Calculating the Relationship Between Project Delivery and ROI
Projector leadership has often emphasized the ties between project delivery and growth, stating that “on time delivery, quality of work and referenceability are all performance indicators that, when in line with expectations, create a feedback loop fueling growth.” While determining the value of a PSA system in accelerating project delivery and improving quality does not have a concrete definition, a formula can be established to provide a ballpark estimate.
(Billable Employees x Annual Revenue by Billable Resource) * Profit Margin * Revenue Unable to Be Billed (Leakage) * Project Margin * The Percentage of Projects On-Time and Under Budget
One of the core benefits of professional services automation software is that it does provide a comprehensive historical database for project histories, and can quickly identify the projects that have achieved the proper delivery milestones, and identify improvement opportunities. This institutional knowledge provides an immediate value add for firms, even before these ROI calculations are made.
Three ROI Metrics
The numbers generated by each of these formulas can now be divided by the annual cost of your PSA software into three separate ROI totals, the ROI generated by profit margin gain, revenue leakage reduction, and delivery improvement. Creating three separate ROI metrics identifies where the software has been most valuable, and where the platform is falling short.

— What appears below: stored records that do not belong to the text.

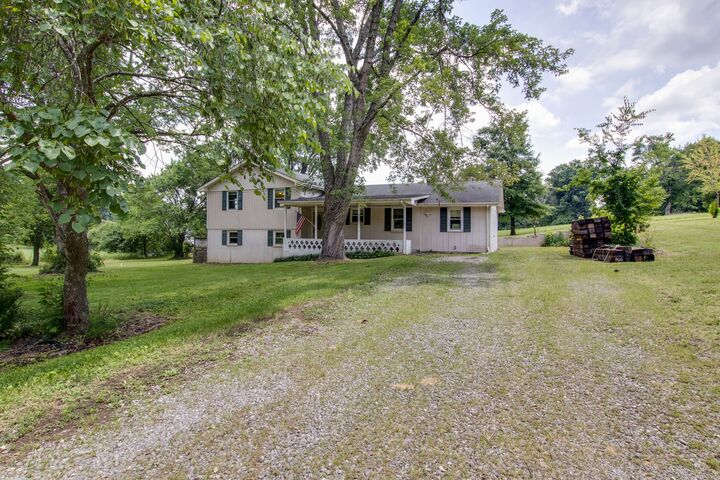 Property Photo: 295 Hill Ct TN 37066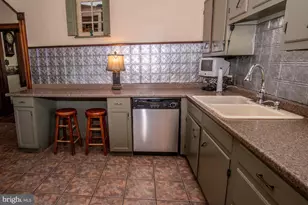 5727 Youngs Hill Rd, Easton, PA 18040 - Photo 13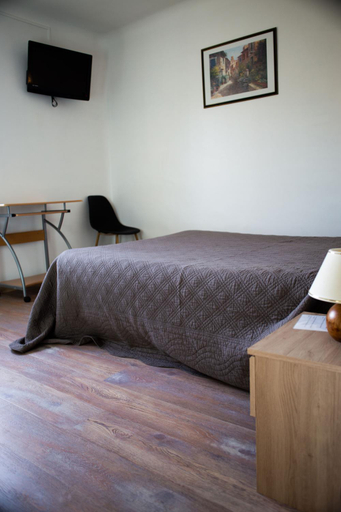 Bedroom 2, Auberge le Cevenol, Aveyron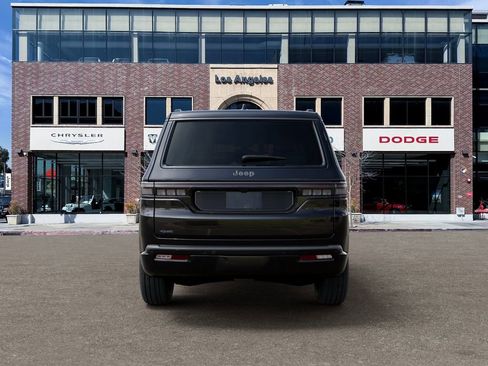 New 2026 Jeep Grand Wagoneer 4WD image 7
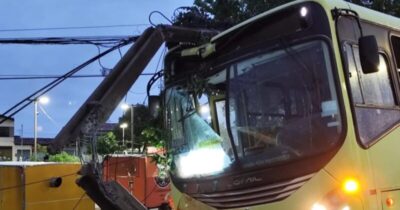 Ônibus colide e quebra poste ao meio após desviar de carro em alta velocidade na Av. Jerônimo de Albuquerque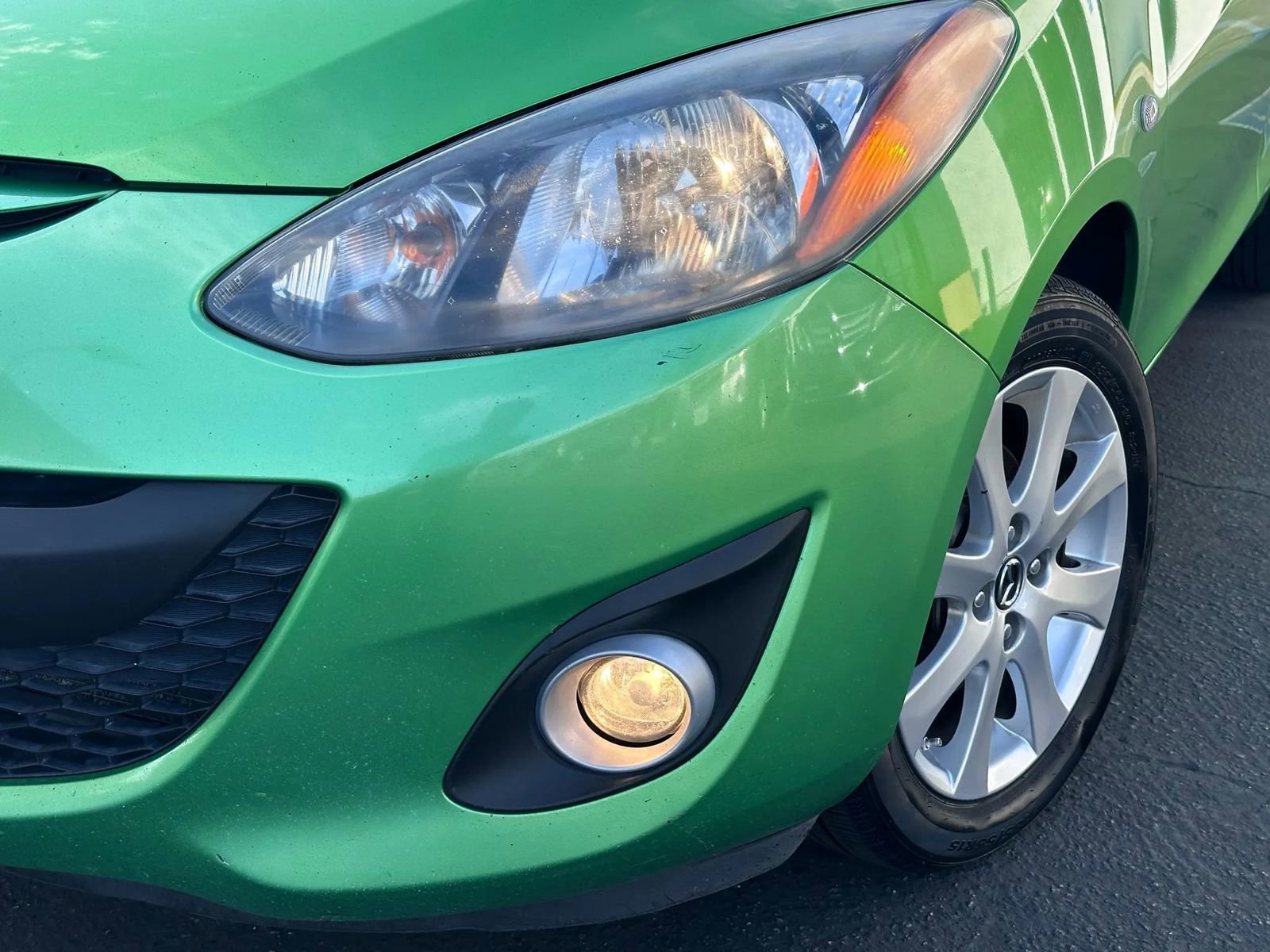 Used 2013 MAZDA MAZDA2 Touring FWD image 5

Best-of-breed, industry-focused PSA systems should be driving 2 – 3x net dollar amount improvements in these key ROI metrics upon adoption, per Projector’s internal research. If these benchmarks are not being reached with the existing PSA solution, it is possible to successfully address these performance gaps within professional services automation, if it is a best-of-breed, industry-focused system. Proactively reaching out to industry-focused vendors, who have accumulated significant experience and expertise with professional services technology, can lead to learning new strategies and functionality that can remediate ROI shortfalls. Organizations that apply the same strategic agility to their technology stack that they apply to their clients’ service plans open new pathways to leadership in a crowded and savvy marketplace.